▸ THE DATA
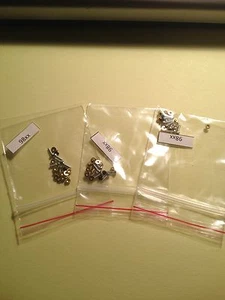 1 Set of replacement screws for the Blackberry Torch 9800/9810 Phones - Photo 1 sur 4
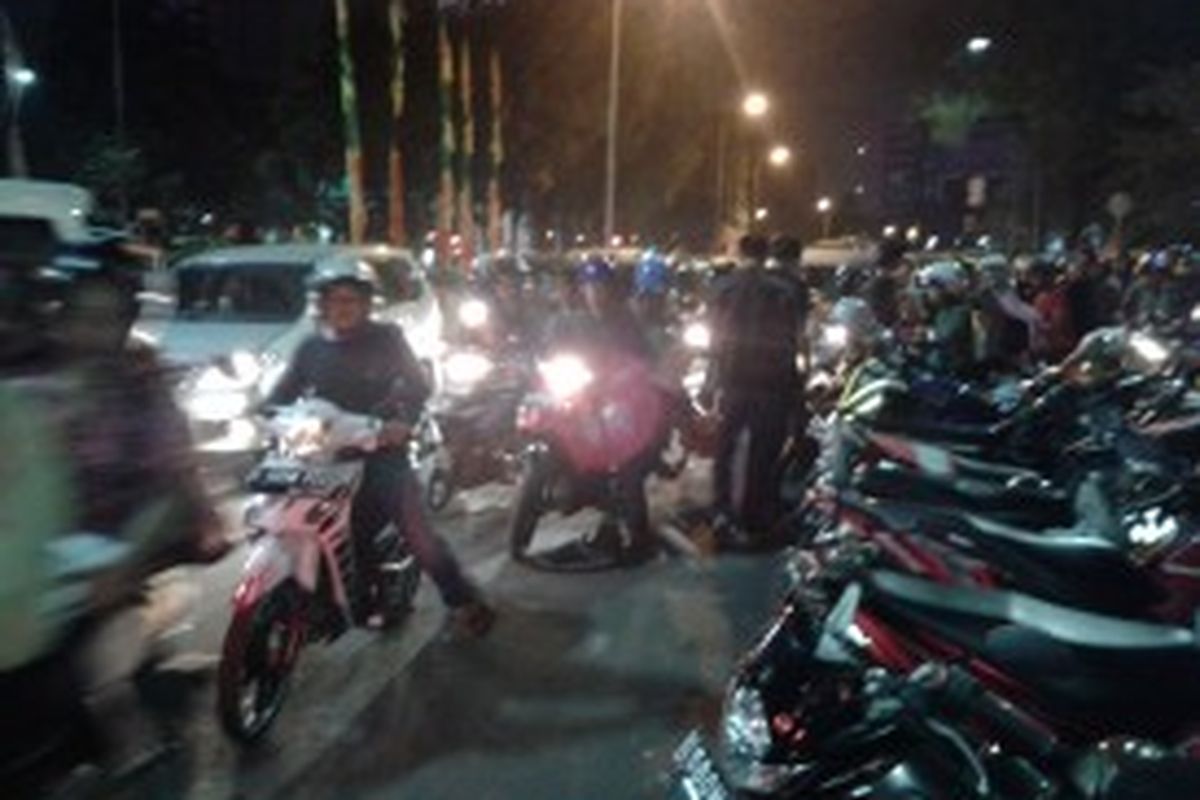 Kemacetan di Jalan Medan Merdeka Selatan, Jakarta, Sabtu (29/6/2013) akibat parkir yang memakan hampir setengah ruas Jalan yang menuju ke Timur/arah Stasiun Gambir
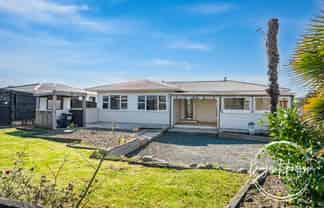 103 Hurndall Street, Maungaturoto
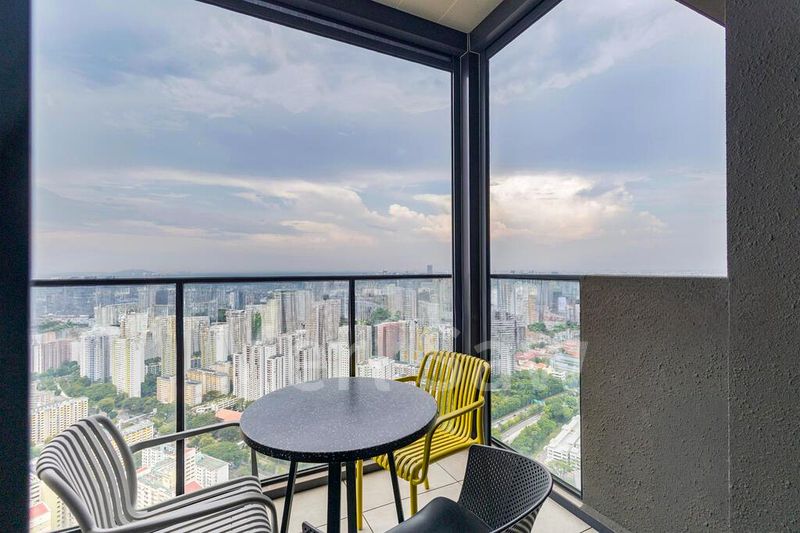 AVENUE SOUTH RESIDENCE 11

▸ EXERCISE AIM
The data above should be restated exactly, with its images dropped.

▸ YOUR RESPONSE
 1 Set of replacement screws for the Blackberry Torch 9800/9810 Phones - Photo 1 sur 4
 Kemacetan di Jalan Medan Merdeka Selatan, Jakarta, Sabtu (29/6/2013) akibat parkir yang memakan hampir setengah ruas Jalan yang menuju ke Timur/arah Stasiun Gambir
 103 Hurndall Street, Maungaturoto
 AVENUE SOUTH RESIDENCE 11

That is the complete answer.